───── The data ─────

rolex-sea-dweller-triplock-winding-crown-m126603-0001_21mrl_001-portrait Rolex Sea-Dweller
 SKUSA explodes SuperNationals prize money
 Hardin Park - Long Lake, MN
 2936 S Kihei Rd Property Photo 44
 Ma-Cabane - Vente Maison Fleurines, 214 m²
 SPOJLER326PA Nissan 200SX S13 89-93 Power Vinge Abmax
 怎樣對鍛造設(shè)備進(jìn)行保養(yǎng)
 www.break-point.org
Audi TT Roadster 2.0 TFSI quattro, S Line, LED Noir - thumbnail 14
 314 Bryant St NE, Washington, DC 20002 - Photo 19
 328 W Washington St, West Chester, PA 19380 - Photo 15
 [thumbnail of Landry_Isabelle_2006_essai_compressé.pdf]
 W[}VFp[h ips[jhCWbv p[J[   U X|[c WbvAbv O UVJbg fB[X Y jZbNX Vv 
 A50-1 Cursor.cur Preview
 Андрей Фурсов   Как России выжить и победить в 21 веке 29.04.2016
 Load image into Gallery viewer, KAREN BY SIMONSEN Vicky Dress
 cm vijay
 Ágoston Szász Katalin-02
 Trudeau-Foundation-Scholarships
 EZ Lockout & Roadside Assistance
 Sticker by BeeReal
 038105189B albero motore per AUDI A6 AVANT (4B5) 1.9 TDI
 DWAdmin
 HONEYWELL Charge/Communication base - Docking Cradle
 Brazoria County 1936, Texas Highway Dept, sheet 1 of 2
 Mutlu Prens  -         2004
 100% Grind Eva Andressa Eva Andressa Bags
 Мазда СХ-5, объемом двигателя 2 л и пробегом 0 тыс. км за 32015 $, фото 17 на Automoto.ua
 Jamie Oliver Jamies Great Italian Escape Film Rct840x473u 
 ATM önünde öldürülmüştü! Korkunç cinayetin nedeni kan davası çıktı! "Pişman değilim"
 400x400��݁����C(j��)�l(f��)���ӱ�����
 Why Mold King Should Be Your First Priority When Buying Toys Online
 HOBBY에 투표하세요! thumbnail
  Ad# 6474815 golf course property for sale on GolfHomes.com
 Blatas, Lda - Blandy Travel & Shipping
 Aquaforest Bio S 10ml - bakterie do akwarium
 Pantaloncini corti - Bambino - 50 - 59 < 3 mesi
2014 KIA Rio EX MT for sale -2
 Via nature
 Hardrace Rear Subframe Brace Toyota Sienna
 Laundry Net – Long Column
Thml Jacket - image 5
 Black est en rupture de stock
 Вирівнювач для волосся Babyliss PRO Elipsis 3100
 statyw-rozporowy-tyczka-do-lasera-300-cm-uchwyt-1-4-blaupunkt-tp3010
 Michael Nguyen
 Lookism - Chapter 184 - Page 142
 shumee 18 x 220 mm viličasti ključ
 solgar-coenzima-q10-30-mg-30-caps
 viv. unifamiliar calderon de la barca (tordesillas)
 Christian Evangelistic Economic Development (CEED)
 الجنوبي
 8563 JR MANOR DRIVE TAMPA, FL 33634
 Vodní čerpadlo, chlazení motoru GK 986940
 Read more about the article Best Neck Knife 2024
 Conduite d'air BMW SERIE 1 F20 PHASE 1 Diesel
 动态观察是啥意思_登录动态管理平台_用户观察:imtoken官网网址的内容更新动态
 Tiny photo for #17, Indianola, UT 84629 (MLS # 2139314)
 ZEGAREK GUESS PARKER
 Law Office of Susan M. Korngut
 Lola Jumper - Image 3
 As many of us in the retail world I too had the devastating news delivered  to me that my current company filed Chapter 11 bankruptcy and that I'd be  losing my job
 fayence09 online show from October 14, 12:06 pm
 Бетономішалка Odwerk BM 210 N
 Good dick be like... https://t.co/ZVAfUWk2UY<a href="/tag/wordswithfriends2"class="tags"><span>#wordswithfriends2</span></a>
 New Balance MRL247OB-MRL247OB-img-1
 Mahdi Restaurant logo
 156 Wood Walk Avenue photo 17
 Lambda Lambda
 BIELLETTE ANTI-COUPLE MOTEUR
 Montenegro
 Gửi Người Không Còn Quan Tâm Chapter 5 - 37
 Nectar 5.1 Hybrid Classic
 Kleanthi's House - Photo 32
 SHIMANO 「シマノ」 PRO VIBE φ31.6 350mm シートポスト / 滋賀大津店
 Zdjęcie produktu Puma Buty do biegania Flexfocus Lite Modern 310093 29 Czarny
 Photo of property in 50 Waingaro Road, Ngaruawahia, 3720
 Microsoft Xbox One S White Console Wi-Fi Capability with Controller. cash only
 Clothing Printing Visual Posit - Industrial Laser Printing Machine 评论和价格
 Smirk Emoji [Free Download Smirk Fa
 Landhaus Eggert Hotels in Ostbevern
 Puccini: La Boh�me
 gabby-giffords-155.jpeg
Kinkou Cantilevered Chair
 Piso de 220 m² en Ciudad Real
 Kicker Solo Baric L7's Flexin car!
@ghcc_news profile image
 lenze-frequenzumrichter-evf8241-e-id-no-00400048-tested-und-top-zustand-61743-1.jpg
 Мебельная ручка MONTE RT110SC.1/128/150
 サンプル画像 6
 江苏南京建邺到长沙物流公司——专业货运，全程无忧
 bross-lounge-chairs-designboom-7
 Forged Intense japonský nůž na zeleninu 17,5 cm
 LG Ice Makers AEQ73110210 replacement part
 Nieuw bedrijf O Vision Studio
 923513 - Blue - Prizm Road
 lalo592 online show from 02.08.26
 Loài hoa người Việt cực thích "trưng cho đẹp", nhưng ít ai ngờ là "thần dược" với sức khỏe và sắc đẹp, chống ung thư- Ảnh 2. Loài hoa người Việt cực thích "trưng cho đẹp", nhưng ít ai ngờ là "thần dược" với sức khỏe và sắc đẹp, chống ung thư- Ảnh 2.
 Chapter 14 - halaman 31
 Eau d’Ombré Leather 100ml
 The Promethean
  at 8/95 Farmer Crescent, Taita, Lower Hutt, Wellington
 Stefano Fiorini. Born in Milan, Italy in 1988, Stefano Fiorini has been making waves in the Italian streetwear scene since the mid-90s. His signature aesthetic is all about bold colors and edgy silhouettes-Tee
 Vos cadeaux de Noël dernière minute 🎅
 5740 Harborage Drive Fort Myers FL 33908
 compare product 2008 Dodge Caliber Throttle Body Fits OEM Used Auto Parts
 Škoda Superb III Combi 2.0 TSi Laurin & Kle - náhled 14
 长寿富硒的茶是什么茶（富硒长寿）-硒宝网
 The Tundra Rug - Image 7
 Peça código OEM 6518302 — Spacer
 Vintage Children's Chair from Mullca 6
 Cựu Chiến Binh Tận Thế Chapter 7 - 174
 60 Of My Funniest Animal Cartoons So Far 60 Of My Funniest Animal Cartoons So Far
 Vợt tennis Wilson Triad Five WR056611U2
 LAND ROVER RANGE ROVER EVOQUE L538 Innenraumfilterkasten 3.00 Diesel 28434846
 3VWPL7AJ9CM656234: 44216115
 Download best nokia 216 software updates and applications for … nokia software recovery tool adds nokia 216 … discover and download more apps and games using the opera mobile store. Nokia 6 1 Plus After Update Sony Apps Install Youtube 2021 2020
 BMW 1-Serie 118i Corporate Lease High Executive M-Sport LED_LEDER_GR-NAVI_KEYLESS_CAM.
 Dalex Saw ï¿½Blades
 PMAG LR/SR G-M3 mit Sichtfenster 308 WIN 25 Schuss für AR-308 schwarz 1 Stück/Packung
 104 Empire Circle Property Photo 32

─────

■ **Exercise prompt**
Would you output, from the records above, exactly the run of lines that starts at the line containing "Microsoft Xbox One" and ends at the line containing "at 8/95 Farmer", and only that run?

■ **Exercise solution**
 Microsoft Xbox One S White Console Wi-Fi Capability with Controller. cash only
 Clothing Printing Visual Posit - Industrial Laser Printing Machine 评论和价格
 Smirk Emoji [Free Download Smirk Fa
 Landhaus Eggert Hotels in Ostbevern
 Puccini: La Boh�me
 gabby-giffords-155.jpeg
Kinkou Cantilevered Chair
 Piso de 220 m² en Ciudad Real
 Kicker Solo Baric L7's Flexin car!
@ghcc_news profile image
 lenze-frequenzumrichter-evf8241-e-id-no-00400048-tested-und-top-zustand-61743-1.jpg
 Мебельная ручка MONTE RT110SC.1/128/150
 サンプル画像 6
 江苏南京建邺到长沙物流公司——专业货运，全程无忧
 bross-lounge-chairs-designboom-7
 Forged Intense japonský nůž na zeleninu 17,5 cm
 LG Ice Makers AEQ73110210 replacement part
 Nieuw bedrijf O Vision Studio
 923513 - Blue - Prizm Road
 lalo592 online show from 02.08.26
 Loài hoa người Việt cực thích "trưng cho đẹp", nhưng ít ai ngờ là "thần dược" với sức khỏe và sắc đẹp, chống ung thư- Ảnh 2. Loài hoa người Việt cực thích "trưng cho đẹp", nhưng ít ai ngờ là "thần dược" với sức khỏe và sắc đẹp, chống ung thư- Ảnh 2.
 Chapter 14 - halaman 31
 Eau d’Ombré Leather 100ml
 The Promethean
  at 8/95 Farmer Crescent, Taita, Lower Hutt, Wellington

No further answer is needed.